The controversy over whether the U.S. should have traded five members of the Taliban for Army Sgt. Bowe Bergdahl reached all the way to Hailey, Idaho, on Wednesday, as the soldier's hometown canceled its celebration of his freedom amid threats and security worries.
Bergdahl, captured in Afghanistan in 2009 and held by the Taliban-aligned Haqqani network for nearly five years, was exchanged for five high-level Taliban detainees from Guantanamo Bay, Cuba, on Saturday. Critics say that the five could return to terrorism, and that the trade has endangered other soldiers by implying that the U.S. would make other trades.
In addition, some soldiers who served with Bergdahl have accused him of deserting his post. They contend that he was captured because he walked away, and that other Americans were killed or hurt as they searched for him.
Hailey Mayor Fritz Haemmerle told the Los Angeles Times that the town had been deluged with calls and letters of complaint that it was honoring a deserter. The event had been intended as a private celebration, he said, but the organizers decided it was too provocative considering the bitter national dialogue.
"The police chief is aware of the types of people who have threatened to come up and protest this thing," Haemmerle said. "We're a town of 8,000 people. The last thing we want is trouble."
So Haemmerle said he asked the chief to talk to the organizers.

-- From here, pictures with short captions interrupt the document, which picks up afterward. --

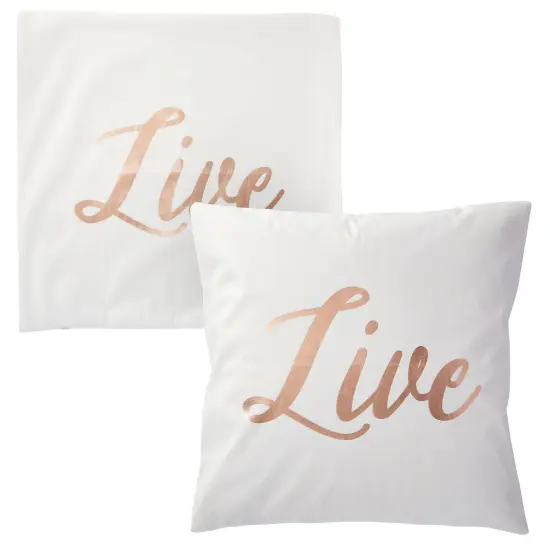Set of 4 Rose Gold Throw Pillow Covers, Live Laugh Love Dream Decorative Cases for Home Decor, Living Room (20x20 In) White {5}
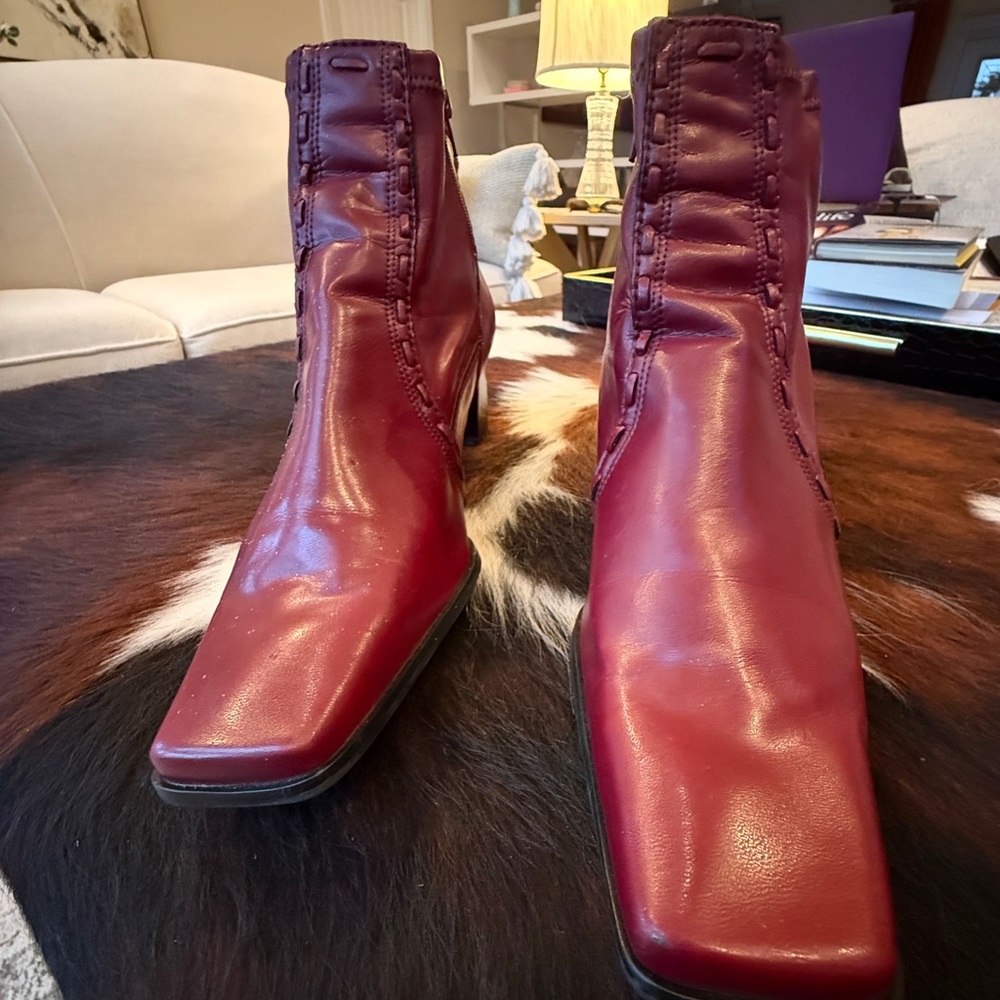 FRANCO SARTO BURGUNDY LEATHER BOOTIES - SZ 11 - Picture 8 of 8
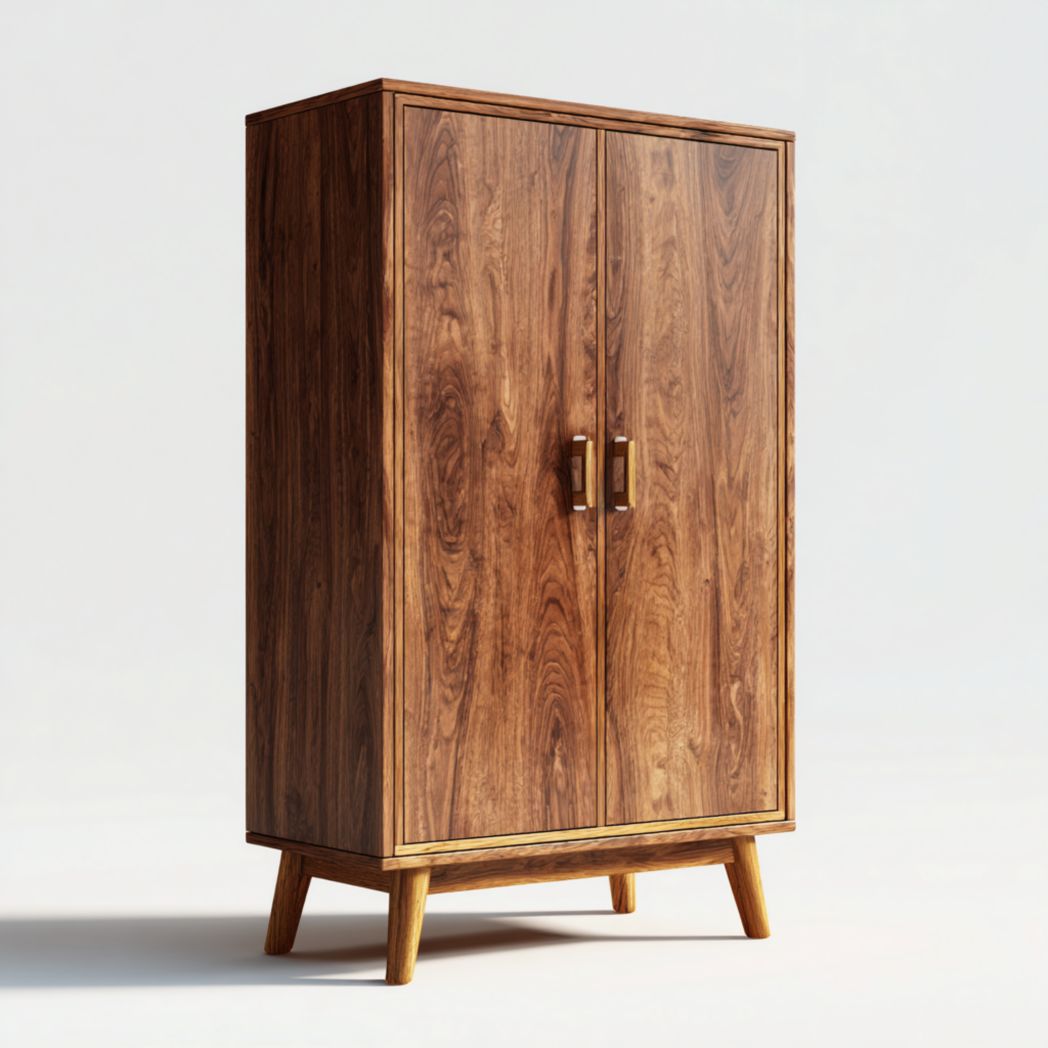Armoire en bois marron à deux portes sans tiroirs sur pieds droits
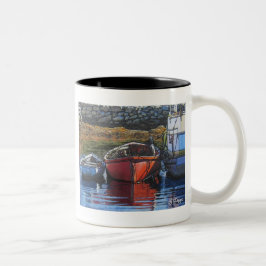Caneca De Café Em Dois Tons Têxtil Art Boat Coffee Mug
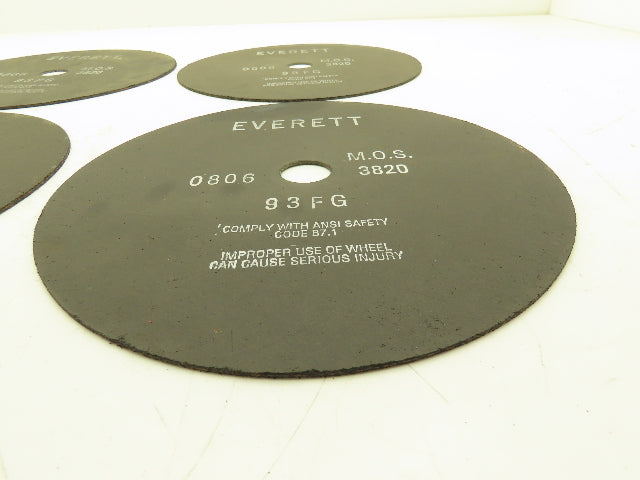 Everett 12-93FGX0.100X1.25 Cutoff Wheel 12"x0.100"x1" 3820rpm Lot of 4
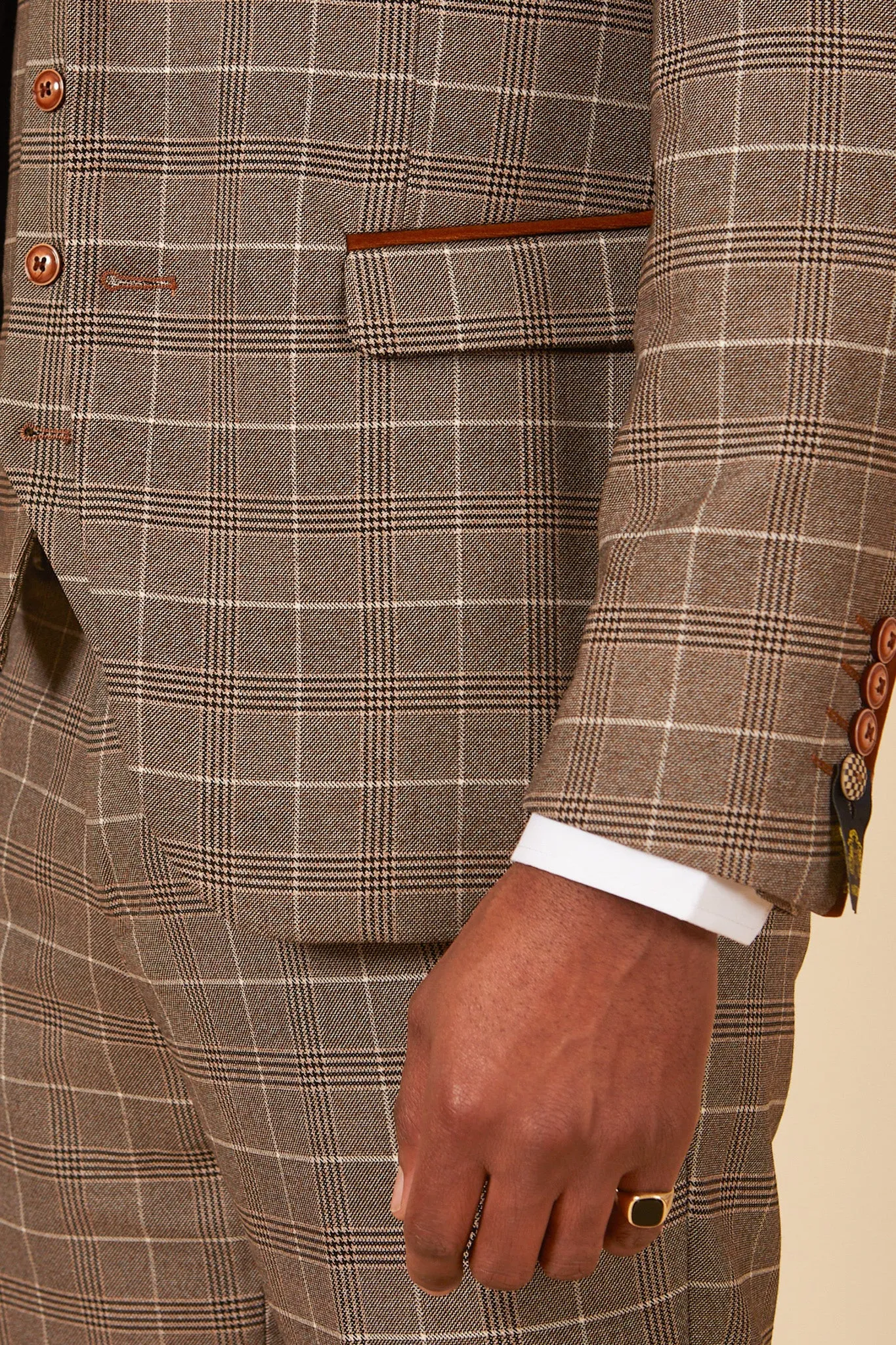 RAY - Tan Check Three Piece Suit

"For better or worse, there are people who blame Bowe for the deaths of other soldiers who searched for him. If that's true, it's just tragic," he said. "We don't need any more people to get hurt. I don't think Bowe's family needs that. It's not in anyone's best interests."
Business in this resort town in the shadow of the Sawtooth Mountains was suffering even before the cancellation of the party, which had been planned for June 28.
The Chamber of Commerce received hundreds of complaints after promoting the event on its Facebook page. Many businesses complained that customers disappeared after the controversy erupted.
Chamber membership director Kristy Heitzman told the Idaho Statesman newspaper that many of the angry callers were veterans. One said he was a trucker who planned to stop in Hailey to dump his trash, she told the newspaper.
The celebration would have replaced the town's annual "Bring Bowe Back" event, which was a way to remind the town and the government that he had not been forgotten.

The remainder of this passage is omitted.